Joyce Carol Oates (Photo The Humanist)

 

Lire une œuvre de Joyce Carol Oates, c’est aller à la rencontre de personnages qui nous ressemblent. Mais derrière leur façade de Monsieur et Madame Tout-le-monde, ce sont des êtres qui soudain nous découvrent ce quelque chose, inconnu d’eux-mêmes, qui a fondé leur existence d’adultes. Et c’est là qu’ils deviennent passionnants. Les dix-neuf nouvelles du recueil, Vous ne me connaissez pas, ne dérogent pas à la règle. Et, à la fin d’une lecture hallucinée, le lecteur repose le livre, fasciné par les abysses humaines que la romancière a fait naître sous ses yeux.

Joyce Carol Oates possède en effet le don de mettre en scène de brèves histoires où se trouve résumé ce qui fait l’essence d’un être et sa part de mystère. Ici, c’est un mari excédé par la relation fusionnelle que son épouse entretient avec son beau-frère, qui le pousse à distiller les mots qui l’acculeront au suicide (Complice) ; là, c’est une adolescente de treize ans qui va voir sa vie détruite parce qu’elle dénonce deux de ses frères, à l’origine de la mort d’un jeune noir (Curly red). L’auteur a l’art de dire le moment où le destin bascule, qui va orienter toute la vie du personnage, et le marquer à jamais.

Elle sait à merveille évoquer les limites entre ce qui fut ou peut-être ne fut pas, la part d’incertitude qui gît dans le réel et qu’on ne parvient jamais à cerner.
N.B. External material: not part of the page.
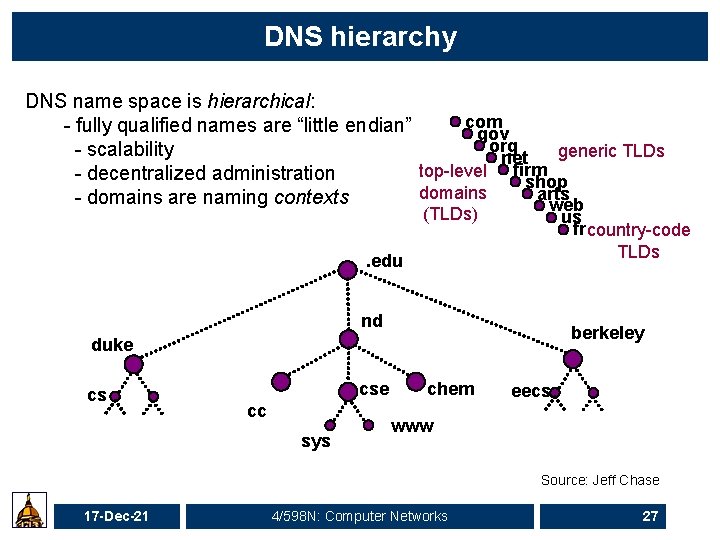 DNS hierarchy DNS name space is hierarchical: com - fully qualified names are “little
Nédra est-elle prête à sacrifier son bonheur conjugal. Peut-elle avouer « l’histoire de ce qu’[elle a] vu mais n’[a pas vu », à savoir son mari Irish Mac Ewann tuer son père ? (Bonheur). De Crista et Henry, le frère et la sœur, on ne saura pas lequel détient la vérité sur la mort de leur mère, peut-être tuée par leur père, ou non. « Avait-elle vu ? Non. Elle n’avait pas vu, pas entendu. » Mais on devine que la scène meurtrière va sans doute se répéter(Des morts : une élégie). Quant à Jorie, la petite jumelle enfermée dans une cave et qu’on retrouve dénutrie et mutique, est-elle vraiment la victime de sa mère ou de sa soeur jumelle Jamie ? (Jorie et Jamie : une déposition).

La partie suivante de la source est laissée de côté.